A proposta que amplia a margem de remanejamento do Orçamento Estadual de 2026 pelo Poder Executivo foi debatida em audiência pública da Comissão de Finanças da Alepe, nesta terça. O secretário estadual de Planejamento, Fabrício Marques, defendeu a aprovação da matéria que retoma parte da proposta original do Governo do Estado para a LOA, a Lei Orçamentária Anual.
Na versão aprovada pelos deputados, a margem de remanejamento orçamentário pelo Executivo através de decretos foi diminuída de 20% para 10%. O inciso com essas mudanças foi vetado pela governadora Raquel Lyra, o que deixou a lei orçamentária sem previsão de remanejamento. Por isso, o governo enviou um novo projeto para reinserir no texto a previsão de 20% de remanejamento. O secretário Fabrício Marques salientou que, em outros estados, o percentual de realocação chega a até 30% do orçamento. Ele explicou as dificuldades caso a situação permaneça como está.
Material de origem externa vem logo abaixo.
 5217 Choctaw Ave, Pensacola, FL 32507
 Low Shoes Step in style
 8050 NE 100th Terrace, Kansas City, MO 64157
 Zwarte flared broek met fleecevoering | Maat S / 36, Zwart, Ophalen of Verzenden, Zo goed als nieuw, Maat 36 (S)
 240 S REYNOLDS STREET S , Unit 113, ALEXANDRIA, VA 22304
“Se a gente eventualmente tivesse hoje uma catástrofe climática aqui em Pernambuco e o Governo do Estado precisasse implementar rapidamente políticas públicas daquilo que não estava previsto no orçamento, nós estaríamos impedidos de fazer pela falta do instrumento do decreto, tá? Para fazer no tempo hábil, situações que você demanda, rapidez, agilidade para fazer, a gente estaria impedido de dar cobertura via decreto, tá?.”
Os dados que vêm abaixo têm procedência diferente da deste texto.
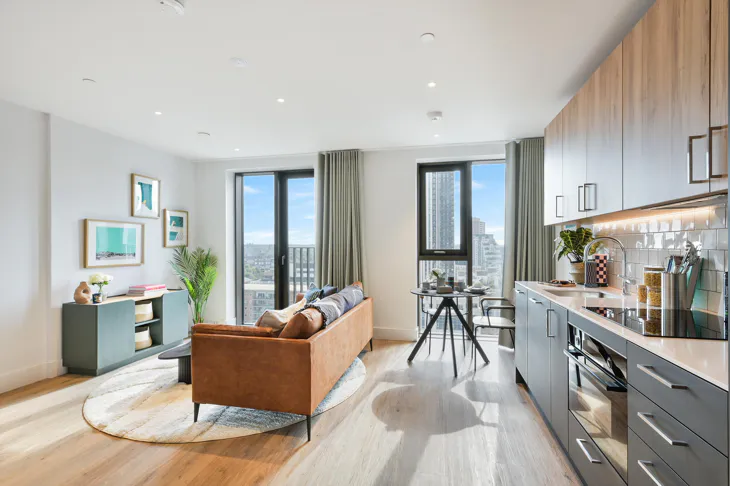 Flat Charter Street in Greater London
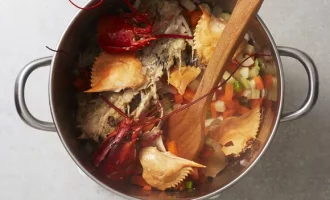 тушим овощи и кости рыб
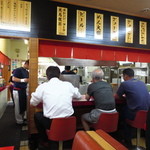 一品香 - 店内はカウンター席、テーブル席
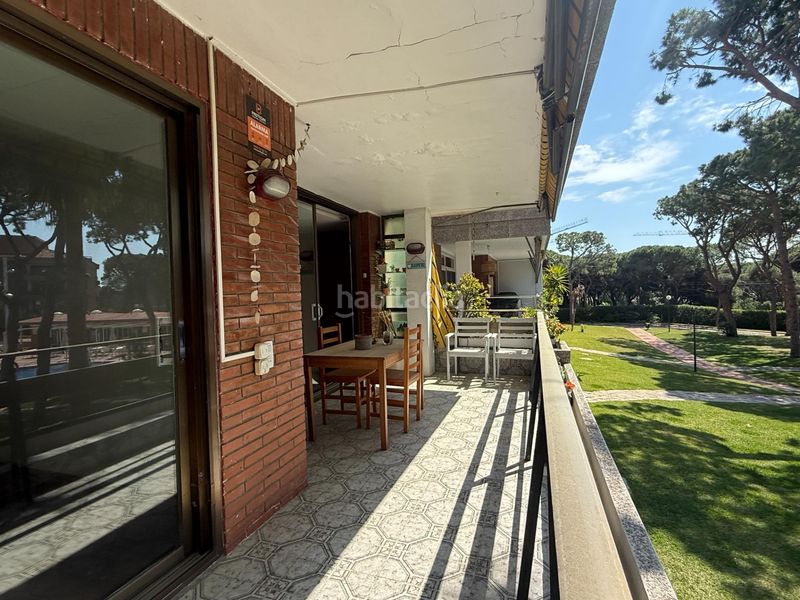 Foto 04c58ce1-d0fe-4c31-8184-95ccb1394421. Apartament amb aparcament piscina a Gava Mar Gavà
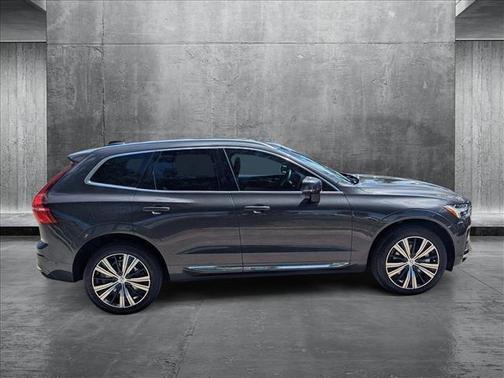 2022 Volvo XC60 Recharge Plug-In Hybrid T8 Inscription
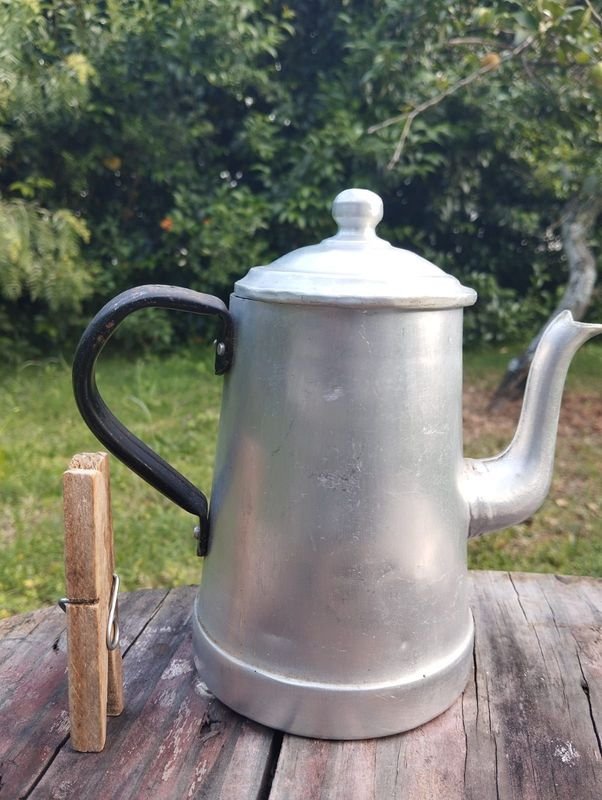Cafetera antigua en aluminio - Venta de electrodomésticos - imagen 2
Fabrício Marques afirmou também que a possibilidade de remanejamento viabiliza a utilização de recursos de fundos que não tenham sido usados de um ano para o outro. Ele citou como exemplo cerca de R$ 1,5 bilhão de precatórios do Fundef, que o governo pretende investir, principalmente, em creches. “Isso está impedindo eventualmente alguma execução? Por enquanto não, por quê? Porque também esse ano a gente tem uma previsão de receita do Fundeb que vai ingressar e já estava previsto no orçamento e está fazendo frente e lastreando a execução do programa de investimento do Estado. Mas já já, em algum momento, nós vamos sentir, de fato, a falta do não reconhecimento desse 1 bilhão e meio de reais para a educação. que está em conta e não poderia ser previsto no orçamento.”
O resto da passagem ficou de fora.